The core of the XDOO system is the On Demand Router (ODR). This JVM is built upon IBM’s proxy server technology and handles the dynamic work load management (DWLM) and other autonomic functions of the environment. Being the most complex and crucial part of the system, it is also the most error prone.  Again though, it has superior logging modeling itself both on a JEE application as well as a traditional web server.

There are a number of other approaches to this type of dynamic or ‘cloud’ computing as it’s being referred to in the hype machine. Amazon’s EC2 is another example more in the Software as a Service (SaaS) model. While these may serve certain purposes for non-critical systems running on non-private data, in the long run I think many enterprises are going to want more control over their systems and will want a blend of a more traditional data center and hardware with an application platform that can deliver some of the benefits of cloud computing in terms of dynamic resources. While IBM is by no means perfect and XD OO isn’t the only solution out there, it does seem to be a solid step in the right direction.

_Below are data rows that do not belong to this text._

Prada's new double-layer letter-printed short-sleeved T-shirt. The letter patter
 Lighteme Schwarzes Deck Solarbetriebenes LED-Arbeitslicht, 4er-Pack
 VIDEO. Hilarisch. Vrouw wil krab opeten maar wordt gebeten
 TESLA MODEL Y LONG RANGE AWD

Where to put environment specific properties

June 18th, 2008

In the JEE world, Sun breaks down the process of delivering an application into various roles: developer, assembler, deployer, etc. This is all well and good, but I have yet to work somewhere where we had each of these roles filled by unique individuals with clearly defined responsibilities. One particular area where I see a lot of confusion and lack of direction on (even from the likes of new visionaries like the Spring folk), is in where to place environment-specific configuration values. By this I mean properties that change from the development, to test, to production environments. Often this consists of host names that change, ports, email addresses, etc.

To the best of my knowledge, if you read the Sun abstract ivory tower specifications, the code should be compiled once (and run anywhere, right? :-) ). However, it is then assembled into a deployable archive - an enterprise or web archive (ear or war) for each environment. The appropriate values are stored in resource bundles (*.properties files). A bundle is selected for each environment’s ear. So in the end you have:

  • MyAppDev.ear
  • MyAppTest.ear
  • MyAppProd.ear

Sounds good. But in reality, the ear/war assembly step is far more complex. It combines compiled code, configuration files, jar libraries, tlds for tag libs, JSP pages, and much more. The risk in deploying such a complex assembly directly to production without testing that very same ear in another environment is simply too high in most enterprise environments.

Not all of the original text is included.